# Young female looking for indoor home



## Cami (Apr 18, 2012)

Very sad rehome of a much loved cat. Chloe is a female, calico, year and a half old, spayed moggy.
We have had her since she was a kitten but sadly she does not get along with the other cats in the house and will not share a litter tray with them, but when separated out she happily uses a tray. She is extremely friendly and just wants a lap to sit on and some toys to play with. 
She has always been an indoor cat and we would like her to stay that way as she's not the smartest of cats and dos not look to go out.
As said she does not get on well with other cats but does get on with dogs and will put them in their place if they get too boisterous with her. Best not to go to a home with rodents as she had previously opened a tank and killed a gerbil.

We are located just outside of Plymouth and may be able to help with transport.


----------



## Cami (Apr 18, 2012)

And some pictures of Chloe


----------



## welshjet (Mar 31, 2011)

Oh bless, she looks beautiful.

Good luck xxxx


----------



## muffin789 (Jan 28, 2013)

Ohh she's a cutie!!

I SO wish I could help as I'm not far away, but I don't think it would be fair to Chloe or to my two resident girls to take her on - we're in a 2 bed flat, so space isn't that great. I'd be really worried about her not getting on with my two and ending up unhappy again.

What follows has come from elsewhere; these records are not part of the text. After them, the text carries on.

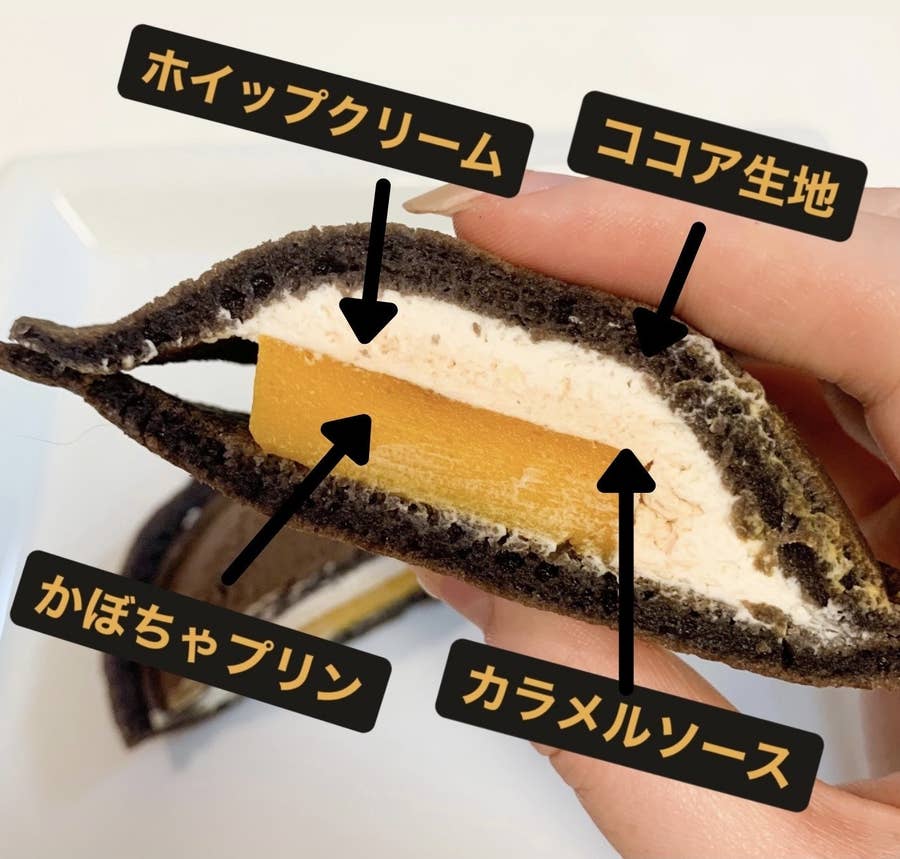 幸せそのものじゃん セブンの ホイップましましスイーツ お口の中が天国になったよ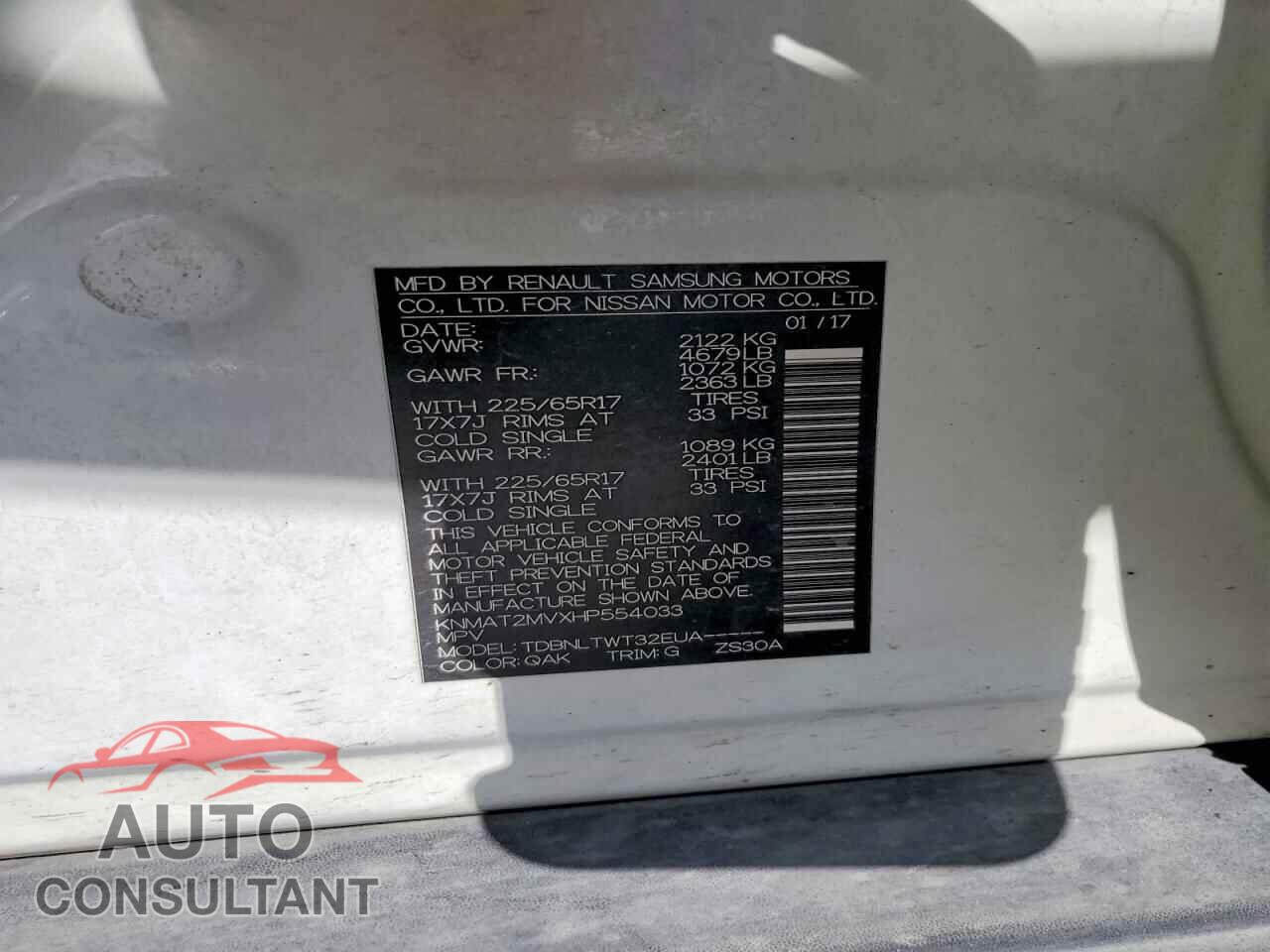 NISSAN ROGUE 2017 - KNMAT2MVXHP554033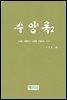 수양록 2
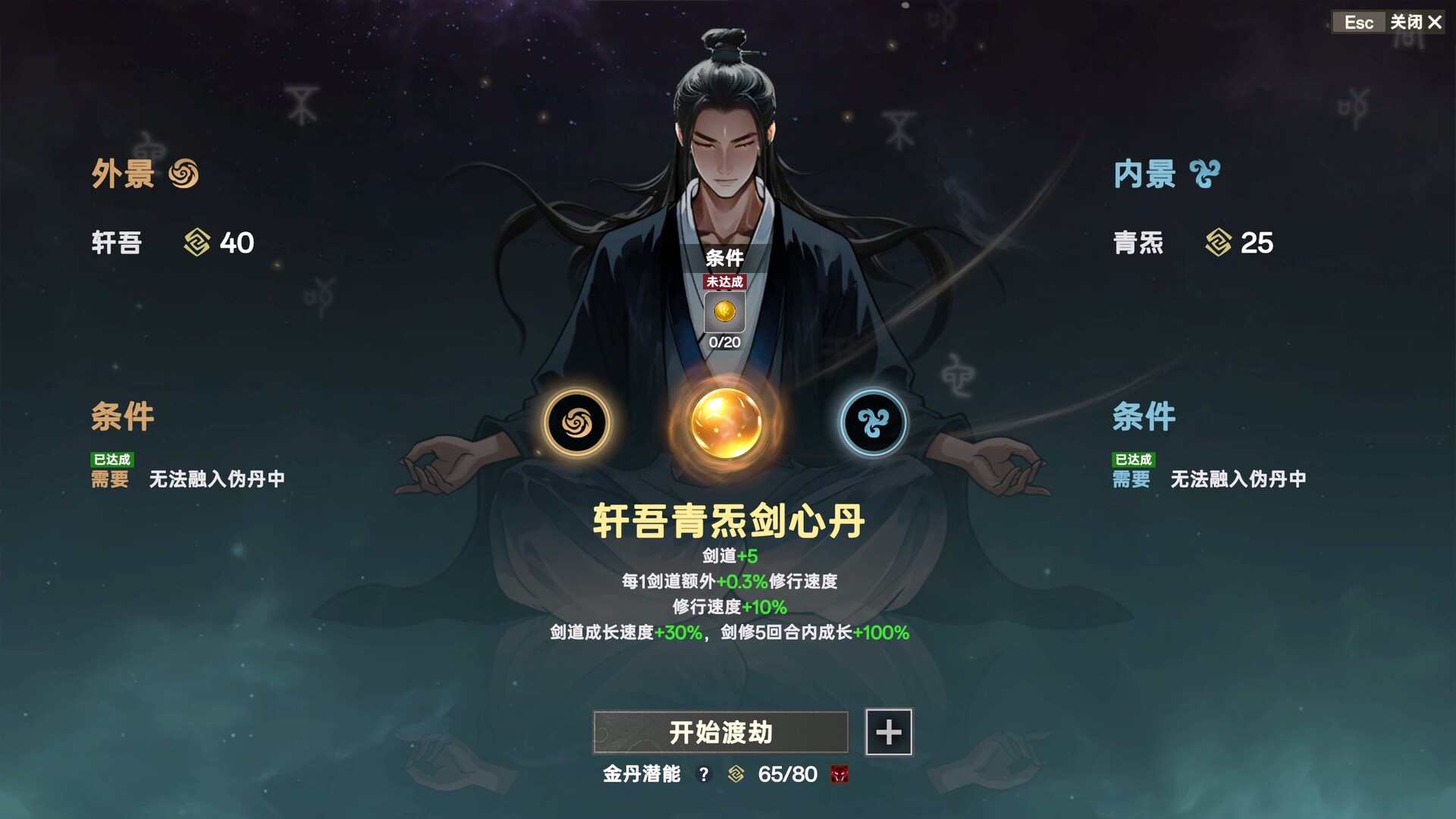 宗门志/Ascension  第5张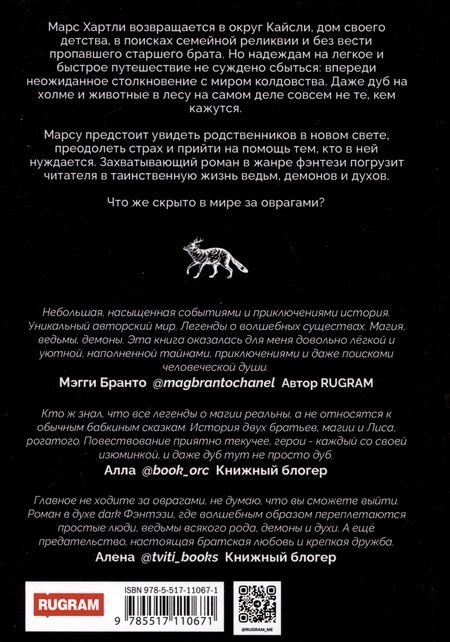 Фотография книги "Виктория Лукьянова: Марс, Сириус и Лис"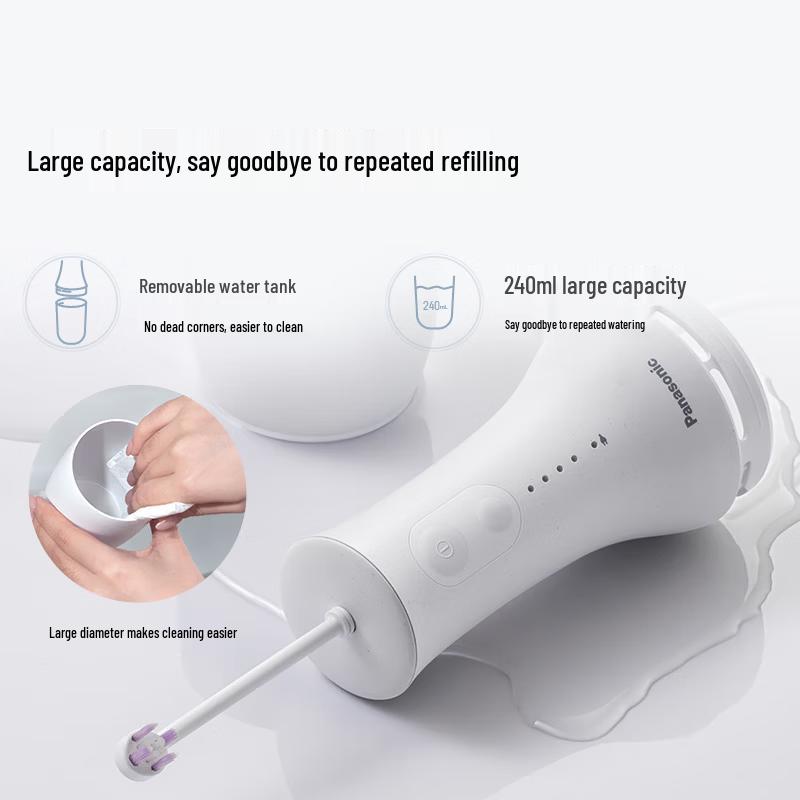 Panasonic High-Frequency Pulse Oral Irrigator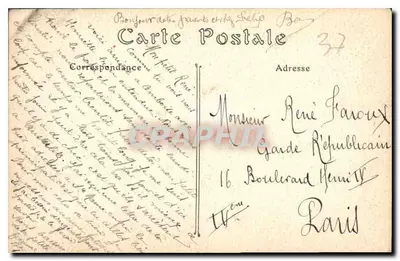 Zamek w Amboisie — Wyjście z Wieży Karola VIII — ND. — N° 84 — Rewers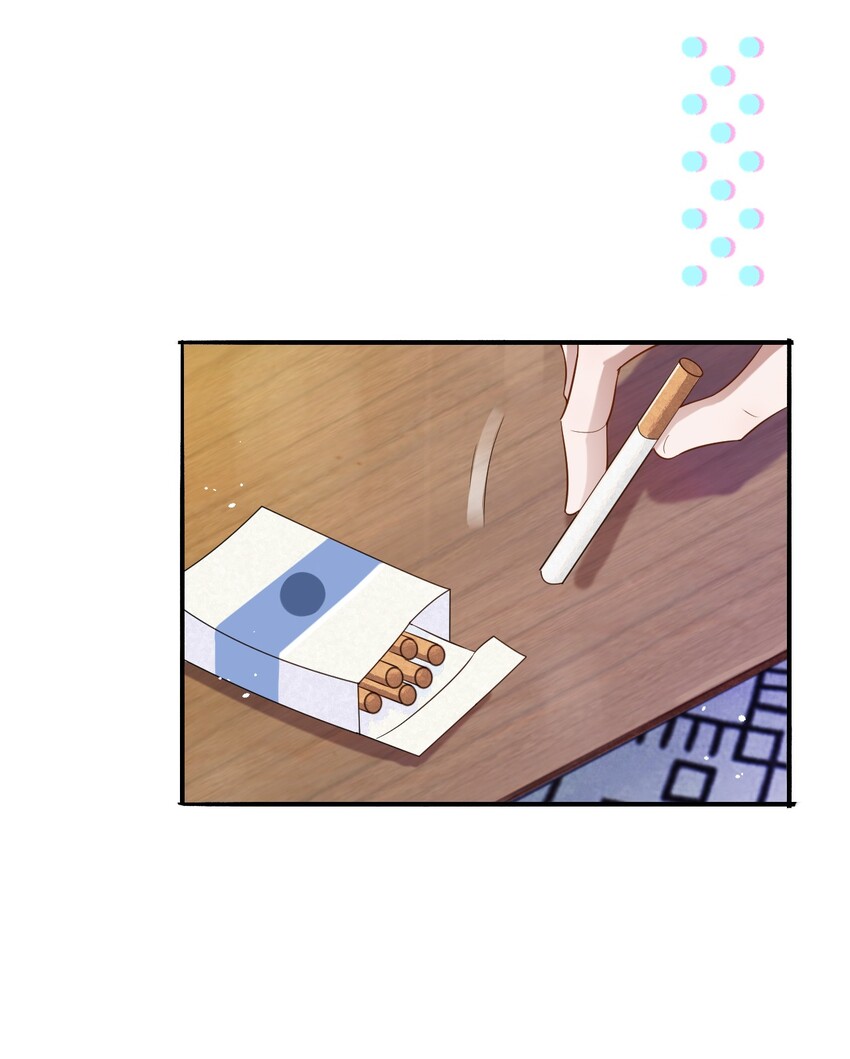 你的距离漫画,001 287公里：完美配对1图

Fingers crossed you manage to find her a new forever home soon xx


----------



## Cami (Apr 18, 2012)

Still looking


----------



## sashski (Aug 14, 2011)

Cami said:


> Very sad rehome of a much loved cat. Chloe is a female, calico, year and a half old, spayed moggy.
> We have had her since she was a kitten but sadly she does not get along with the other cats in the house and *will not share a litter tray with them, but when separated out she happily uses a tray.* She is extremely friendly and just wants a lap to sit on and some toys to play with.
> She has always been an indoor cat and we would like her to stay that way as she's not the smartest of cats and dos not look to go out.
> As said she does not get on well with other cats but does get on with dogs and will put them in their place if they get too boisterous with her. Best not to go to a home with rodents as she had previously opened a tank and killed a gerbil.
> ...


Have you given her a spare tray? i.e 1 per cat + 1 spare?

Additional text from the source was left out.